Kunst des Verweilens
Eher konventionell, dem gängigen Bedürfnis nach einem feierlichen, jubelnden Abschluss folgend, sind in beiden Ecksätzen die Übergänge in die Dur-Tonart gestaltet. Hier gibt es keinen spektakulären Durchbruch, keinen zwingenden dramaturgischen Plan wie bei Beethoven. Auch die konfliktlosen Durchführungen beider Sätze zeigen Schubert weit von Beethoven entfernt, im Kopfsatz ist sie kaum mehr als ein kurzes Zwischenspiel. Konzentrierte thematische Arbeit und Prozesse sind nicht sein oberstes Interesse, vielmehr offenbart sich in dieser Vierten Symphonie schon ein anderes: Schuberts Kunst des Verweilens, des selbstvergessenen Wiederholens und Schweifens durch immer neues harmonisches Licht.
Das Seitenthema des rastlosen Finalsatzes ist eine jener Eingebungen – ein fallendes Intervall, kaum mehr als eine Geste des Seufzens –, von denen Schubert sich kaum trennen kann und die er in Abwandlungen immer weiter und weiter reicht. Besonders poetisch kommt dieses Prinzip im Andante zur Erfüllung. Ein kantabler A-Teil (As-Dur) mit periodisch gebautem Lied-Thema wird von einem bedrohlich einbrechenden B-Teil (f-Moll) mit schroff auffahrenden Tonskalen kontrastiert. Doch schon nach wenigen Takten bricht die bedrohliche Musik zusammen, ein zartes Dreitonmotiv mit Sekundseufzer schält sich aus den Skalen heraus, die Beleuchtung wechselt, und es entspinnt sich ein zartes Gewebe, das nur noch den Zauber dieser Töne kennt und den Hörer fast aus der Zeit treten lässt. Wollte man in Schuberts Vierter Symphonie unbedingt den Einfluss Beethovens suchen, so wäre er am ehesten im dritten Satz zu finden. Schubert überschreibt ihn wie Haydn und Mozart mit Menuetto, doch ist er mit seiner metrischen Widerborstigkeit und seinem raffinierten Spiel mit »falschen« Betonungen und Phrasierungen ein Scherzo im Geiste Beethovens – ähnlich dem in dessen Vierter Symphonie.
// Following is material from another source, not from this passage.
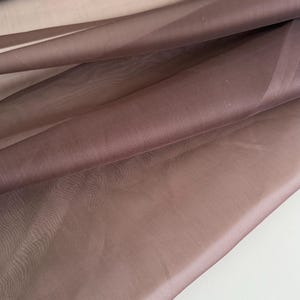 Könnte beinhalten: Nahaufnahme von mehrlagigem, transparentem Stoff in Braun- und Mauve-Tönen. Der Stoff ist gefaltet und drapiert, wodurch weiche Schatten und Highlights entstehen. Das Material wirkt leicht und zart, geeignet für Bekleidung oder Dekorationsprojekte.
Der ganze Ernst der Gattung
Ist die Vierte nun eine »tragische« Symphonie? »An eine tragische würde man ganz andere Ansprüche machen«, schrieb Robert Schumann. Vielleicht sollte man Schuberts Namensbeifügung aber gar nicht allzu viel Bedeutung beimessen. Mag sein, dass er damit nur den Moll-Charakter und das Gewicht des Werkes unterstreichen wollte. Vielleicht spielte er auch auf den pathetischen Ton des Musiktheaters an, auf die tragischen, ernsten Stoffe, wie er sie bei Gluck fand, dessen Opern er besonders schätzte und immer wieder zum Studium heranzog. Ein Hinweis darauf, dass Schubert seine Vierte – auch ohne konkrete Aussicht auf eine Aufführung in der großen Öffentlichkeit – mit dem ganzen Ernst der Gattung und auf der Höhe seines Könnens konzipierte, ist der Titel Tragische allemal.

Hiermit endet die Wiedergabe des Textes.